• Recorded data:

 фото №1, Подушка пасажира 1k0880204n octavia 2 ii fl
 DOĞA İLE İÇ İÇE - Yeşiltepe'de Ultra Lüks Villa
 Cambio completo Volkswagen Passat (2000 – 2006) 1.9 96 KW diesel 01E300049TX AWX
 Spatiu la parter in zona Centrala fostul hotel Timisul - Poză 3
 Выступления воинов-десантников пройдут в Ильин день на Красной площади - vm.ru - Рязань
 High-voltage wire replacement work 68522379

• What the task requires: Reproduce each line of the entries above from the one containing "Cambio completo Volkswagen" through the last, exactly, and no other line.

• Solution to the problem:
 Cambio completo Volkswagen Passat (2000 – 2006) 1.9 96 KW diesel 01E300049TX AWX
 Spatiu la parter in zona Centrala fostul hotel Timisul - Poză 3
 Выступления воинов-десантников пройдут в Ильин день на Красной площади - vm.ru - Рязань
 High-voltage wire replacement work 68522379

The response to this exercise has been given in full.